Somalia tops CPJ’s 10th annual Global Impunity Index
New York, October 31, 2017—A lack of justice in the murders of journalists can perpetuate a cycle of violence and impunity lasting a decade or more, according to the Committee to Protect Journalists’ 2017 Global Impunity Index released today. The 10th annual report highlights countries where journalists are murdered regularly and their killers go free.
Somalia, the worst country on the index, is one of seven to appear every year in the decade CPJ has compiled the list. The others are India, Iraq, Mexico, Pakistan, Philippines, and Russia—showing that while impunity thrives in conflict environments, journalists working in some relatively stable nations that bill themselves as democracies are also murdered in high numbers.
“Impunity is a chokehold on society’s free flow of information. When a single journalist is killed without justice, the message to all journalists is either watch what you say or watch your back,” said Elisabeth Witchel, author of the report and CPJ’s consultant for the Global Campaign Against Impunity. “States on this list must not tolerate impunity year after year but actively take measures to address their failures of justice.”

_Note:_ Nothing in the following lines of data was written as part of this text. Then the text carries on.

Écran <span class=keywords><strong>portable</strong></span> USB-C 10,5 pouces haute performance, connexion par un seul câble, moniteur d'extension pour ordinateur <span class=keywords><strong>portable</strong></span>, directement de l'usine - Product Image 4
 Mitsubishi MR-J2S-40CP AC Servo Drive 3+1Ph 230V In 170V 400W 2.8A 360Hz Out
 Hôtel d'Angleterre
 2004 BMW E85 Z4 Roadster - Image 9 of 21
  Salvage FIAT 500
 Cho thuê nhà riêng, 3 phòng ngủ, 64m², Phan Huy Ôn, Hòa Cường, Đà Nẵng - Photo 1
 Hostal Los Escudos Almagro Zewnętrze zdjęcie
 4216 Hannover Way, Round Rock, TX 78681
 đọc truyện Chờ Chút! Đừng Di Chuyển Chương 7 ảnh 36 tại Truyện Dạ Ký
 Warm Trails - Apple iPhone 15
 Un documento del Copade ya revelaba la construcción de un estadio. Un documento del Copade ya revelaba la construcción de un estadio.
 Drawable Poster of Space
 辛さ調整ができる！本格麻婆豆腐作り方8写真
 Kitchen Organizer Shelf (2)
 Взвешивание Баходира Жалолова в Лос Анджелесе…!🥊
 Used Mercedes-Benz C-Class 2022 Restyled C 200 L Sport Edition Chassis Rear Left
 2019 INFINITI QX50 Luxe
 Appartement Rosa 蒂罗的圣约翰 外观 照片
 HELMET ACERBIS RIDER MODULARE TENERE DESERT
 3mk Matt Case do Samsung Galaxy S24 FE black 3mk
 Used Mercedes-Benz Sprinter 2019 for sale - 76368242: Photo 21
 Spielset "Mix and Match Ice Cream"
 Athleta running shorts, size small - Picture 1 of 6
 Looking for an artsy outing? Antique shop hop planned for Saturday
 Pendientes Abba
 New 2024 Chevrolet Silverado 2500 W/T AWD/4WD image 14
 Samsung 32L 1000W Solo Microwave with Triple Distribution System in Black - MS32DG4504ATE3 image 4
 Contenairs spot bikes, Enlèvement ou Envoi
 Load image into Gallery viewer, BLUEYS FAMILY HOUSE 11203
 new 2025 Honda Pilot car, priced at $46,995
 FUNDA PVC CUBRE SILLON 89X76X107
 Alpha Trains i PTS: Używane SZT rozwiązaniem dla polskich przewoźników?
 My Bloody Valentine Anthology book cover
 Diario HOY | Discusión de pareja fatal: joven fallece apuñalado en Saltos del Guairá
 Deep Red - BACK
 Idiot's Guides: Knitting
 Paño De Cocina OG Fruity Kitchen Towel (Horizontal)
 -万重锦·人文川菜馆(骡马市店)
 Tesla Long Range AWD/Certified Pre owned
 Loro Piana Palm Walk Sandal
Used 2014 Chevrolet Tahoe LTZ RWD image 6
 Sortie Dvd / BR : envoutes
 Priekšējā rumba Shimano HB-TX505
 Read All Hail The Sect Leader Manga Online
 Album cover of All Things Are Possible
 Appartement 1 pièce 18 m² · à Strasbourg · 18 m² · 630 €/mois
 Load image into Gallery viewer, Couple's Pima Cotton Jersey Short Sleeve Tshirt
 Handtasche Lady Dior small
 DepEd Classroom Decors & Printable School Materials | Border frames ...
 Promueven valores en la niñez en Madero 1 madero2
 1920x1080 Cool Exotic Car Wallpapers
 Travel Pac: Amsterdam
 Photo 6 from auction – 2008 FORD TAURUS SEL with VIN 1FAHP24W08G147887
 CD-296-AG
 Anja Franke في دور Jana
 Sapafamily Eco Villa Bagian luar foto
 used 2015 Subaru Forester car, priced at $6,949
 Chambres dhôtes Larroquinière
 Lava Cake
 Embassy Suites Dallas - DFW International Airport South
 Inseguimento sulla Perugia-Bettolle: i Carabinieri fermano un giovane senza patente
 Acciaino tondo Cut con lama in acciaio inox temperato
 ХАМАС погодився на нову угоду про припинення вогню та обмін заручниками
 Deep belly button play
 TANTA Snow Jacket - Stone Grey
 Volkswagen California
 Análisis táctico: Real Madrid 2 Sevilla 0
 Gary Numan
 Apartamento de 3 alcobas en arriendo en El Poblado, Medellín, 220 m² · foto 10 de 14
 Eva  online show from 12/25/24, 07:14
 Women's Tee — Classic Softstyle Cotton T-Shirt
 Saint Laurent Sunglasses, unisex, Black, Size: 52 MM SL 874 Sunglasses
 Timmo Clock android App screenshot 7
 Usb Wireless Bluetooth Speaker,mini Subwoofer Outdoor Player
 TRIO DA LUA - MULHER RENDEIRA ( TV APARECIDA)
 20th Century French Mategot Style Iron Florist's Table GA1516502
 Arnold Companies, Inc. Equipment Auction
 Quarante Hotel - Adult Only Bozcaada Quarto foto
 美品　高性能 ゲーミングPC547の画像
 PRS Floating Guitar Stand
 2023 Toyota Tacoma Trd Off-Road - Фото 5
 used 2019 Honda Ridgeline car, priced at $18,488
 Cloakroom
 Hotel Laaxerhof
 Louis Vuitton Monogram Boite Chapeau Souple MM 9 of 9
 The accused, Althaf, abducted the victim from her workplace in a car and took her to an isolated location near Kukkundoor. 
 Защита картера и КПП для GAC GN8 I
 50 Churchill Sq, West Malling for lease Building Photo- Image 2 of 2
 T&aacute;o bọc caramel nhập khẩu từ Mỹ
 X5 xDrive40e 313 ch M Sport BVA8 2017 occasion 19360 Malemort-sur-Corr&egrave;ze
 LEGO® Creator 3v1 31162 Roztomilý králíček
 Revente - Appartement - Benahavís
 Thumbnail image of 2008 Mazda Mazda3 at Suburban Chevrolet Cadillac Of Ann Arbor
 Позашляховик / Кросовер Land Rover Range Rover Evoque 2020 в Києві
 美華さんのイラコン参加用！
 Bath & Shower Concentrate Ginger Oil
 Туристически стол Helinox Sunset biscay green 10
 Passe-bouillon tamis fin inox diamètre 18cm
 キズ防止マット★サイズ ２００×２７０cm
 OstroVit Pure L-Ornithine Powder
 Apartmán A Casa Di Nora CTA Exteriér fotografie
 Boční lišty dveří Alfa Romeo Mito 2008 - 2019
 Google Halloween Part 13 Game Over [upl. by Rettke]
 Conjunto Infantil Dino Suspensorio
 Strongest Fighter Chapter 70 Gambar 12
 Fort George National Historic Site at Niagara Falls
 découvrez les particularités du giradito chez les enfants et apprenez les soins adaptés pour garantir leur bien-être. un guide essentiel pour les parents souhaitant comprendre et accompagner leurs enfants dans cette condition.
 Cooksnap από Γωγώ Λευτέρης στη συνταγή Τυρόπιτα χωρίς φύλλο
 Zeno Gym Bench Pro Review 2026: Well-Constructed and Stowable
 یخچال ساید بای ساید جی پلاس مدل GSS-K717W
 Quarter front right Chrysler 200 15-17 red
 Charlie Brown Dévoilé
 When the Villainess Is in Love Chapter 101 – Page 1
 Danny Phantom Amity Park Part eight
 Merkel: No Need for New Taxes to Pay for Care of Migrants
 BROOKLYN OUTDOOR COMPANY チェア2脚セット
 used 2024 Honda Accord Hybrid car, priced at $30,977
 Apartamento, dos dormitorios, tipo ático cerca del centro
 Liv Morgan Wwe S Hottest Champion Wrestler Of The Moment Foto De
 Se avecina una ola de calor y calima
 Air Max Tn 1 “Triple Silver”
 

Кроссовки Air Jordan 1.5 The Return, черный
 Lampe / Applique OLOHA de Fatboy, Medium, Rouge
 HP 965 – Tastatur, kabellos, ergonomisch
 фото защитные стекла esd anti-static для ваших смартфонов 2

This year, new murders occurred in half of the 12 countries on the index. Afghanistan dropped off the list for the first time because targeted killings of journalists have declined, even as conflict and large-scale violence have continued to cause journalists’ deaths in the line of duty.
One positive development in the last decade is growing awareness of impunity in the murders of journalists. The United Nations has adopted five resolutions encouraging states to enact justice, and this year marks the fifth anniversary of the U.N. Plan of Action for the Safety of Journalists and the Issue of Impunity.
The Impunity Index is released annually to mark the International Day to End Impunity for Crimes against Journalists on November 2. The report is calculated by looking at the number of unsolved murders of journalists over a 10-year period as a percentage of each country’s population. The report includes a statistical table, report cards by country, and a detailed methodology.